Tuttavia già i greci si erano posizionati sulle alture che sovrastavano la piana di Maratona, dove era accampata l’armata persiana. Furono questi ultimi a prendere l’iniziativa della battaglia, risalendo i pendii per snidare e distruggere le esigue forze greche. Ma a questo punto gli opliti reagirono, discendendo di corsa le alture in ranghi serrati e riuscendo a spezzare l’esercito persiano che fuggi disordinatamente sulle navi per ritornare in patria. Il miracolo era stato reso possibile dalle qualità della formazione a falange, che contro un esercito come quello persiano, che combatteva senza assumere particolari formazioni, triplicava la sua forza d’urto, e ancor più dalla grande tenacia che i combattenti greci seppero dimostrare in quello scontro: per loro non si trattava di una battaglia qualsiasi, erano consapevoli che la posta in gioco era la salvezza della nazione: il loro assoluto senso di responsabilità verso la patria fu la vera forza dei greci a Maratona. 

LE CONSEGUENZE DELLA VITTORIA

La risonanza della straordinaria vittoria ateniese ebbe tre importanti conseguenze: la prima fu che fece morire di vergogna gli spartani, che nonostante la loro tradizione militare non avevano avuto alcun ruolo nel salvataggio della nazione.
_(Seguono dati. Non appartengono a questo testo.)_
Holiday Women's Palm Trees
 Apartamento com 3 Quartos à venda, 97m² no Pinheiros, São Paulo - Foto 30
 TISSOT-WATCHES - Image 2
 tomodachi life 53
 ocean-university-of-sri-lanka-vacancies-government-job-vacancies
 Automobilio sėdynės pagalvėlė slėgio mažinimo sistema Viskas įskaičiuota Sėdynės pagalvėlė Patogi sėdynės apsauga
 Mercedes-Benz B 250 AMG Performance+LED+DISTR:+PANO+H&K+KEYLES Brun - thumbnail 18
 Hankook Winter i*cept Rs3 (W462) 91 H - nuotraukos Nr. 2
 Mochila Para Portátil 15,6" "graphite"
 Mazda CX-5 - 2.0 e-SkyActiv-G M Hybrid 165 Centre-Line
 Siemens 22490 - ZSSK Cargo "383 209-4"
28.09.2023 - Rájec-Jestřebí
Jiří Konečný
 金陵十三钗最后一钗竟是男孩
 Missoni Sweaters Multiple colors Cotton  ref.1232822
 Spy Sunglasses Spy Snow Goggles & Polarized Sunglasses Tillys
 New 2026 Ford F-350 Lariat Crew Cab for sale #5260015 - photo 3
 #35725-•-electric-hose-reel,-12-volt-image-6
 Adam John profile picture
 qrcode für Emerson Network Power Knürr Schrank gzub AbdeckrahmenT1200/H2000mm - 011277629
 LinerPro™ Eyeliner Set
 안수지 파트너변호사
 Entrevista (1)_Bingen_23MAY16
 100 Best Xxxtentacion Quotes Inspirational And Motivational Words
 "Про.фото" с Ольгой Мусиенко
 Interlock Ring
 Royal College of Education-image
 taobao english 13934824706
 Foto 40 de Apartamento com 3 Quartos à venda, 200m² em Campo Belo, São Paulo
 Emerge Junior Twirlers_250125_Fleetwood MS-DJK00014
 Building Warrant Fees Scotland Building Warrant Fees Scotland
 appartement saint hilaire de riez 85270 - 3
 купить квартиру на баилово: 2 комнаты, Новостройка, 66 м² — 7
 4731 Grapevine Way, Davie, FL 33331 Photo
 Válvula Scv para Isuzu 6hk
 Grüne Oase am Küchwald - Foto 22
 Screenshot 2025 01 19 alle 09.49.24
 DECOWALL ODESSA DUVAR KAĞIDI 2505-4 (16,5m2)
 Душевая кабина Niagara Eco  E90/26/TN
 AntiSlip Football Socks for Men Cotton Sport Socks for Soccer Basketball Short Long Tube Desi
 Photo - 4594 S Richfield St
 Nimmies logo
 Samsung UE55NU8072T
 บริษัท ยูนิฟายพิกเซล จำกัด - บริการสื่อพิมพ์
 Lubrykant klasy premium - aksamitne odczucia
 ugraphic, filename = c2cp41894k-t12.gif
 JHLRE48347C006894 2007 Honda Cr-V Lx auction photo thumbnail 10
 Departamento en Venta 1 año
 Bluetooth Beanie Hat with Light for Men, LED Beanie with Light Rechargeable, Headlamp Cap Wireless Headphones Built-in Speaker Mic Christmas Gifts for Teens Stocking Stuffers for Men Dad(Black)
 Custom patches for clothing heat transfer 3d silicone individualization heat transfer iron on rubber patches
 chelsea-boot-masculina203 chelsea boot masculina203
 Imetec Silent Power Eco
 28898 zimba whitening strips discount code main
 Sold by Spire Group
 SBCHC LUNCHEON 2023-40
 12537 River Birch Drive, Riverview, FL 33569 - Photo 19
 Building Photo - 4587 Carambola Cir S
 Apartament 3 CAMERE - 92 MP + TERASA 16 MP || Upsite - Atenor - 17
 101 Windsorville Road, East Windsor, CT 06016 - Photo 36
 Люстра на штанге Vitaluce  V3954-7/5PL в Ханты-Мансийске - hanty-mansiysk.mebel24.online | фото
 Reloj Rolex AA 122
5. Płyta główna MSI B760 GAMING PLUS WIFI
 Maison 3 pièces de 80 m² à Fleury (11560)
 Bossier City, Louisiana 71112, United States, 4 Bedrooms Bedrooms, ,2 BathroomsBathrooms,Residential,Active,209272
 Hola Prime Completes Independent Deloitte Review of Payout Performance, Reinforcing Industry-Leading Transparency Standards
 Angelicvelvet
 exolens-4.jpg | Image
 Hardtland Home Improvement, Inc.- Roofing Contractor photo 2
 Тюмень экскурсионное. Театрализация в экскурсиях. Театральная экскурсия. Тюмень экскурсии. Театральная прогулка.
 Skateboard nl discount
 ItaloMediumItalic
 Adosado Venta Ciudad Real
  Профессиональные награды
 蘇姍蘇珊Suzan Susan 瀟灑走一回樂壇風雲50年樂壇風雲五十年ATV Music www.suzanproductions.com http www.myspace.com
La seconda fu che per la prima volta i greci vincevano i persiani in campo aperto, dimostrando che potevano resistere anche ad un impero immenso e forte come quello di Dario. E terzo, la vittoria di Maratona segnò il momento più intenso di unione fra i greci: la presenza di un nemico comune e terribile aveva permesso alle polis di sospendere le lotte fratricide, riscoprendosi figli di una medesima cultura, come forse non accadeva dal tempo della guerra di Troia. La contrapposizione ai persiani era vista già allora come uno scontro fra civiltà: da una parte il mondo delle polis e dei cittadini, dall’altra l’impero centralizzato di sudditi. Dividersi significava perdere e perdere significava morire: la fine della civiltà e la fine della libertà. La guerra contro i persiani fu vissuta in maniera intensissima dai greci poiché essi non lottarono per la propria sovranità politica, ma per la salvezza della propria civiltà. Una lotta molto differente.